Driving back a few days later, the weather was still nice and our travel had been pretty uneventful. Then, just outside of Snowville, a dust funnel formed perhaps a quarter mile ahead of us. I had no idea where it came from at first. Then a rapidly spinning car appeared through the dust. I hit the brakes, knowing we would likely be first responders to a terrible accident. I hoped the occupants were wearing seat belts.

It was probably the first out-of-town trip I've made in eight years without a first aid kit in the car.
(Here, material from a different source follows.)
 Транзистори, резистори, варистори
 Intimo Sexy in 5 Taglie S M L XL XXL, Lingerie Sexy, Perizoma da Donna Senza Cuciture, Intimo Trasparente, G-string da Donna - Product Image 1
I've often wondered how much help I could be with a handful of 4" gauze pads, a bunch of Band-Aids, and the little single-use antibiotic creams in a freeway-speed accident, but have also decided it's far better to have those things than not.

By the time we stopped, the car was no longer on the road. We ran to the edge of the hill at the side of the freeway where the vehicle must have driven off the road. I expected the worst, but hoped the car had absorbed most of the impact, leaving the occupants in decent condition. I never could have expected what we saw there: absolutely nothing except more of the mostly-flat fields we'd been driving through for hours. Looked like maybe a barbed-wire fence had been broken through, and perhaps the dirt had been adjusted some. But no mangled car. No car at all.

I may wonder for the rest of my life what happened there.

2 comments:

Anonymous said...

Wow, that is amazing. I am reminded of several incidents with my mother growing up. While in Salt Lake City for the first few years of my life, mom and I rode the bus everywhere. When we moved to Idaho, I was 7 or 8. Mom and I needed a car, and the Faithful Lord provided for us a 70's Nova. It was in great shape, never leaked, but over time the tires grew thin and for one fall morning. We were living on a ranch and mom and I were headed to school. We had a turn on a sharp embanked entrance/exit and this cold morning, our tires slid us off this steep embankment. We stopped at a 45 degree angle, and mom opened the door and had us both climb out on the lower side. When we had our car rescued, the men pulling it out asked if the car had lost control, there was no way this didn't roll. But we, having survived the accident, stated simply that there must've been an angel with us that day.

Jason M.

Debi said...

Jason, I cannot imagine what your mom was experiencing during those moments as she was facing not just personal danger, but danger for her son, too. I'm glad you both made it out!